I think that’s the most beautiful thing as well. And one of the indicators, could be a physical body reaction, but it could also be to the types of clients that you’re working with. Where you might be signing on a client and there’s that red flag that you ignored and it’s happened to me plenty of times. 

And then you’re sitting there thinking, okay, well, this is why I told myself I wasn’t going to do this again. And it’s just like, you have to learn to trust yourself at the end of the day. 

It can be really hard, at least for me, the hardest part of making any type of shift where I had to let go of things was because it usually would trigger a scarcity response. 

From someone that has healed and mended my relationship with money and growing up in a situation where money wasn’t there, I always felt like I need to be grateful when I had it and not try to be super risky.

But now I learn that you know what, actually if you keep holding onto it and you don’t like what you’re doing, the universe, God, or whatever you wanna believe in is actually gonna push you in that direction. And that could be clients coming off your roster. 
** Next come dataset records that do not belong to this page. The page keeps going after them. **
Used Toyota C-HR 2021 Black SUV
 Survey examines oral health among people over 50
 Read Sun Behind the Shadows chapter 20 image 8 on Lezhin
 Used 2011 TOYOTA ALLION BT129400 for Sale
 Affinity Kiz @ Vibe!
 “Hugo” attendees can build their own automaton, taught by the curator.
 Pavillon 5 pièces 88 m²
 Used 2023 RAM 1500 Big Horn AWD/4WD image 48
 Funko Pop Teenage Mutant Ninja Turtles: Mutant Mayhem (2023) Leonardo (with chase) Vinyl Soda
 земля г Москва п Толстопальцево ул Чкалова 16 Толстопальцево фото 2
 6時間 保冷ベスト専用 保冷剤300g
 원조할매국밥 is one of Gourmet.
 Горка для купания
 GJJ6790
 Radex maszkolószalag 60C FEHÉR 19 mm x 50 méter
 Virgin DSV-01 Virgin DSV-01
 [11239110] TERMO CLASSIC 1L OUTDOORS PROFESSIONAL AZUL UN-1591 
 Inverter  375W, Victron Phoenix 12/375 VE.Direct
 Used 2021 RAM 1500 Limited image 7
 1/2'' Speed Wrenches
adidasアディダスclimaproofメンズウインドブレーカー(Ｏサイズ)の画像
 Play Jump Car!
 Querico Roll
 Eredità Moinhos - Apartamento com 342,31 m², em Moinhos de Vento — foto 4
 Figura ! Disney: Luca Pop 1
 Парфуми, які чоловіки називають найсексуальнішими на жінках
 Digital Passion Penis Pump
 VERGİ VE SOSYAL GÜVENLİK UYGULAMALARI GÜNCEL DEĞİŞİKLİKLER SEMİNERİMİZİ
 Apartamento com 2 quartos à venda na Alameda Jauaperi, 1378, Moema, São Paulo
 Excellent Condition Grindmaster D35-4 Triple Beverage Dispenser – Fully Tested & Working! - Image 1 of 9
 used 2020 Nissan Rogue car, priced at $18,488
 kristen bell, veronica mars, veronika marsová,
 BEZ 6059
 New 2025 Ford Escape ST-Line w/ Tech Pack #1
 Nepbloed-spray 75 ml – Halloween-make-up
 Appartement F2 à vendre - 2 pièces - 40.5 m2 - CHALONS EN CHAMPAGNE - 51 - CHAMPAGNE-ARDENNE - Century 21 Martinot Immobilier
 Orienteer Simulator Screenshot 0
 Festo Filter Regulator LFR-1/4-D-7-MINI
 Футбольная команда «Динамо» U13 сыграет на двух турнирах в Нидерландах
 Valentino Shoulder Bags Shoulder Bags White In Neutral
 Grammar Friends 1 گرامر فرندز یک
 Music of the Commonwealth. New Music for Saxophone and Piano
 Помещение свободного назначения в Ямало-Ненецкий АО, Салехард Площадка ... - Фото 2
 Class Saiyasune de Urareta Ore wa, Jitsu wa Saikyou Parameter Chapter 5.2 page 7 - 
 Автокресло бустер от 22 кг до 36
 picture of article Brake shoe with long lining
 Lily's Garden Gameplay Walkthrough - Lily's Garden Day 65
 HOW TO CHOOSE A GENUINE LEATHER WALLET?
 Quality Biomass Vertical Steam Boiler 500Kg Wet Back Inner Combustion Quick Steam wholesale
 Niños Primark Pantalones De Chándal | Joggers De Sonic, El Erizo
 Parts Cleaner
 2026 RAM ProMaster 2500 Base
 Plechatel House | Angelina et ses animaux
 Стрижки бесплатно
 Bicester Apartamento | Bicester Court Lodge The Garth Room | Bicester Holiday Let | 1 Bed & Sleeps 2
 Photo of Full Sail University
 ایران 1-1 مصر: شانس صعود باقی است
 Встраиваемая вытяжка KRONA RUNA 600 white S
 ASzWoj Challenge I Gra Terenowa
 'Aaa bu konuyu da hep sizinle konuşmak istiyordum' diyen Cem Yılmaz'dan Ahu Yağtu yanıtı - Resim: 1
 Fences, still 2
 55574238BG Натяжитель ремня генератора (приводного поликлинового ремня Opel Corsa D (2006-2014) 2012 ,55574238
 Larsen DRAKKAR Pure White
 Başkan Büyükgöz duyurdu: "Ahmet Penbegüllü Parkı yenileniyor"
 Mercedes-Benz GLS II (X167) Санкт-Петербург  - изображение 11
I’ve seen this happen to clients I’m working with too. Clients coming off your roster, or things happen, or whatever it is. And the universe is literally saying, no, you need to go in this direction, and I’m going to open up the doors whether you really like it or not.

Speaker bio 

Hannah Nieves is a dynamic and visionary founder on a mission to redefine the way we work and live.

As the Founder of HN Haus, a community for 6 to 7-figure founders, This Hudson Studio, a creative rental studio, This Hudson Farm, a Hudson Valley-based family farm that celebrates living beautifully, and her newest endeavor, Maison, a private network for

high net worth founders and change makers she is inspiring innovation for women in business.

With her unwavering passion for empowering women, Hannah inspires and guides founders to create powerful businesses while achieving a balanced and fulfilling lifestyle. Her multifaceted portfolio of brands reflects her commitment to innovation, community-building, and genuine connections. Through her platforms and ventures, Hannah Nieves is transforming the entrepreneurial landscape, one visionary at a time.

Hannah’s work extends beyond her brands as she amplifies the voices of multidisciplinary founders and luxury brands through her highly regarded podcast, the HN Haus Podcast.

With a background in luxury branding, marketing, and PR, Hannah has been featured in publications such as Forbes, Nasdaq, In Style, Hudson Valley Magazine, and Business Insider. She has also shared her expertise as a speaker at institutions like Northeastern University, Nasdaq Entrepreneurial Center, and the Entrepreneur’s Organization.

Hannah’s career journey began in the Capital Markets division of Cushman & Wakefield, where she marketed and sold significant real estate assets in Manhattan, underwriting a portfolio worth $525,000,000. She later served as the Director of Marketing and Trade Development for California Closets, managing a multimillion-dollar marketing budget and collaborating with prominent real estate developers nationwide.

With a diverse client roster that spans from established brands to $700 million dollar companies, Hannah has demonstrated her expertise in guiding other visionaries and companies to create bottom-line results and scale sustainably.
Through her unique approach, she not only empowers founders to achieve remarkable growth but also emphasizes the importance of integrating balance and harmony into their lifestyles. Hannah’s track record of success speaks for itself – an innovator at the intersection of business and lifestyle.